The downturn in the economy and the sharp uptick in oil prices are ruining the outlook for many industries, none more so than the airline business in which more than half of all operating costs are accounted for by aviation turbine fuel, or ATF.
The industry is expected to lose up to Rs 10,000 crore (Rs 100 billion) this year, a staggering sum when viewed against the size of the airline companies and the financial capacity of airline promoters, many of whom have no other businesses to draw cash from.
Even those who do, like Go Air, will wonder whether to throw good money after bad. The outlook is no better for state-owned Air-India, which alone is believed to have lost over Rs 2,000 crore (Rs 20 billion) last year, and is in debt to the horrific extent of up to Rs 10,000 crore.
The civil aviation minister as well as the airline companies have made the point repeatedly that the primary problem is the high cost of ATF in India, compared to other countries. This is true enough, but it is hard to see the finance minister listening sympathetically to their plea for international parity prices for ATF.
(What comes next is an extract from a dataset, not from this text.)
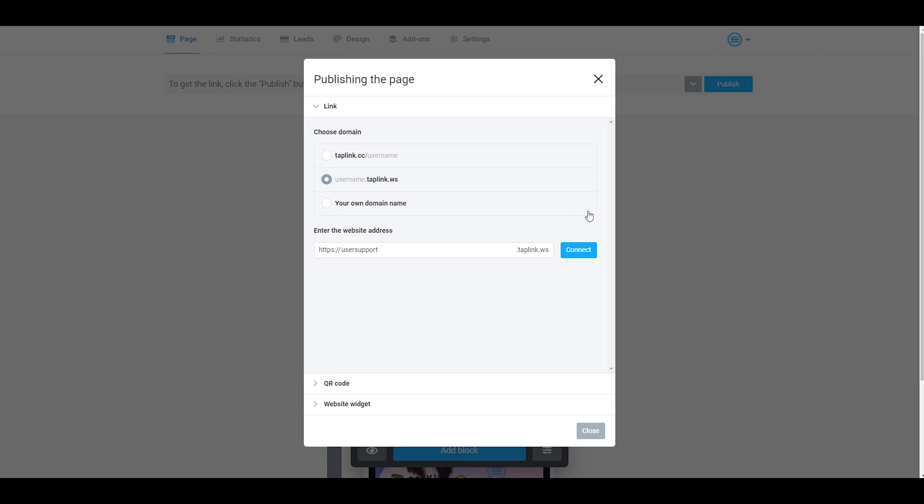For example, I want to use the first option. I click here and type in my new username and click on connect.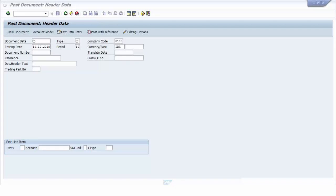Hello and welcome again to my ABAP tutorial video. This time we will discuss how to create SAP FI validation by using exit.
If he is to drop taxes on petroleum products to the extent of Rs 5,000 crore (Rs 50 billion) and more, Mr Chidambaram would much rather do it on other petroleum products so as to yield greater political mileage than he will get from the airlines and air passengers.
And the state governments have nixed the idea of cutting sales tax rates for ATF; indeed, of the two that have done so already, Kerala threatens to raise it back to the old level.
The correction, then, must come from elsewhere, and the only options within the airlines' control are to cut costs and raise fares.
The headlines suggest that cost-cutting has begun in earnest -- some uneconomic routes have been taken off the map, the number of flights has been reduced, expensive foreign pilots are being sent back, and merged airlines are lowering their headcount quite significantly.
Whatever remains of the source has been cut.